The list of things collected in what will be in the initial release has not changed significantly except that now, as mentioned above, EF7 will also support the UWP apps.

Re VS *& .NET versions. While ASP.NET 5 can run on the DNX environment, it can also be run on a full .NET Framework environment. In the course, it says this will be possible with 4.5 and beyond. Now it will be for .NET 4.5.1 and beyond. I don’t believe that the future releases will revert back to supporting 4.5 at all.

Installing: As mentioned above, the latest stable release is available on Nuget.org. (Today that is RC1). The nightly builds are available via the myget package source (https://www.myget.org/gallery/aspnetvnext). The team is currently working on RC1 in the nightly builds. Sometime this month (November 2015) a stable version of RC1 will become available on Nuget.org and that will be what you get with the “-pre” tag.

In Beta4 there was still an EF7 package named EntityFramework. That no longer exists, enabling us to use that package name to specifically target EF6. For EF7, it’s easiest to begin with the provider that you want and then this will pull down all of the relevant dependencies. So for example
install-package entityframework.sqlite” will pull down that package, the relational package (which includes migration support), the core package and others.

Don’t forget that the migrations commands are in a separate package: EntityFramework.Commands, which you need to explicitly install if you want to perform migrations in nuget or the DNX environment.

This is important: the “K Runtime” is now the “DNX runtime”.
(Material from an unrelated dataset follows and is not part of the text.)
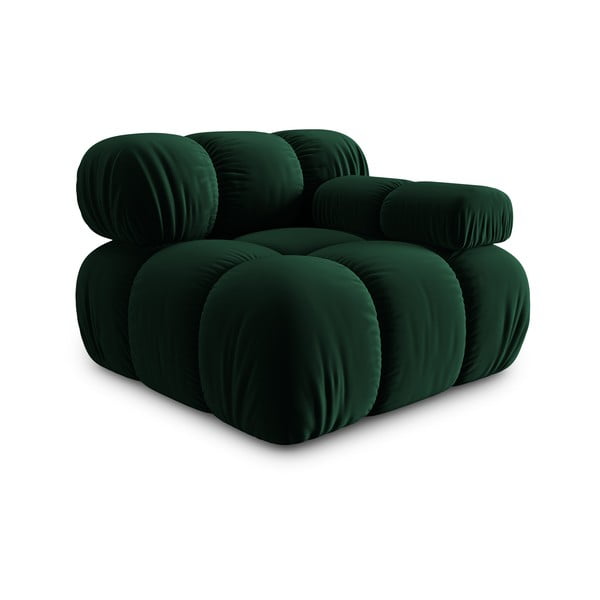 Zielony aksamitny moduł sofy (prawostronny) Bellis – Micadoni Home-image-3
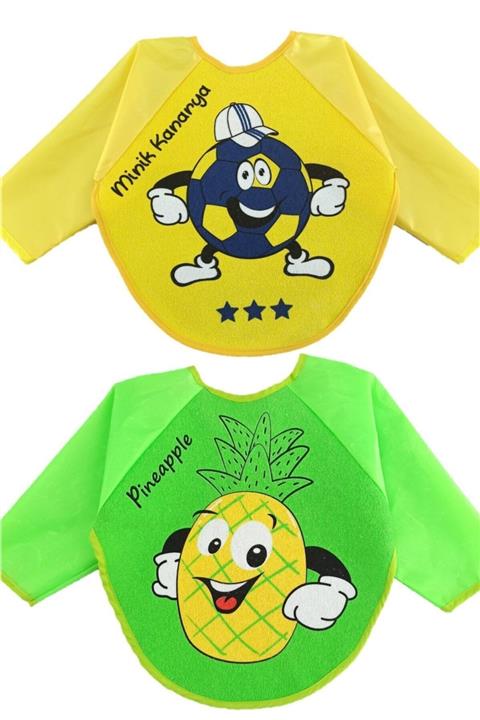 ÖZLEM BEBE Desenli Bebek Mama Önlüğü 6-24 Ay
All of the commands that you run start with dnx now, not k.

For example:

dnx ef migrations add

Playing with the proof of concept features The support for the stripped down framework used for Windows Phone 8 and Window Store apps was set aside and is still in that state. Those DLLs are not handily available. The tricks I used in the course to access those assemblies may or may not work still. I haven’t tested. Remember though that the SQLite assembly is now part of EF7 so that’s easy to get! And if you can target Windows 10 phone & tablet apps with EF7.

Module 3: Querying and Updating with EF7 (Disconnected Graphs change!)

Most of the changes from that evolved since I created this course with beta4 are around syntax. Even in the course you could see that at first the team was renaming methods to better suit how they wish they had been named. For example, rather than have DbSet.Add and DbSet.AddRange, they modified add to just take an overload that accepted a range. But just before I pushed the course live, they changed the methods back to Add taking a single object and AddRange specifically for a range. The reason for this is to lessen the blow of changes to the API. This could be something that would be backwards compatible with EF6. There have been a number of changes like this as EF7 has evolved where some of the syntax was reverted to better align with EF6. Even behavior has shifted. Add is another example. EF6 and earlier had a pattern of [almost] always affecting full graphs when you pushed a root of a graph into the context with Add/attach/Delete or using the Entry().State property. And the effect were inconsistent. They experimented with completely separating behavior by making Add (etc) and Entry.State ONLY affect the root and then giving us a new method ChangeTracker.AddGraph soley for working with graphs. Since beta4, the team has narrowed in on a pattern that will be the final say on this matter. Here it is:

DbSet.Add, AddRange, Attach, AttachRange, Update, UpdateRange: These methods now take a new 2nd parameter which is an enum,GraphBehavior.

GraphBehavior values are IncludeDependents and SingleObject.

The default for the above methods is GraphBehavior.IncludeDependents which means that a just using it in a familiar way, e.g.:

context.Samurais.Add(myNewSamurai);

will result in *almost* familiar behavior. THe catch (which is a good improvement, in my opinion)is that the default behavior, IncludeDependents, is literally for dependent objects. it is not going to include All Related Objects. The distinction is important. Objects in a relationship are either principal (aka “parent”, or dependent (aka “child”). In the database these are easily distinguishable because the dependent is the one that has the foreign key back to the principal.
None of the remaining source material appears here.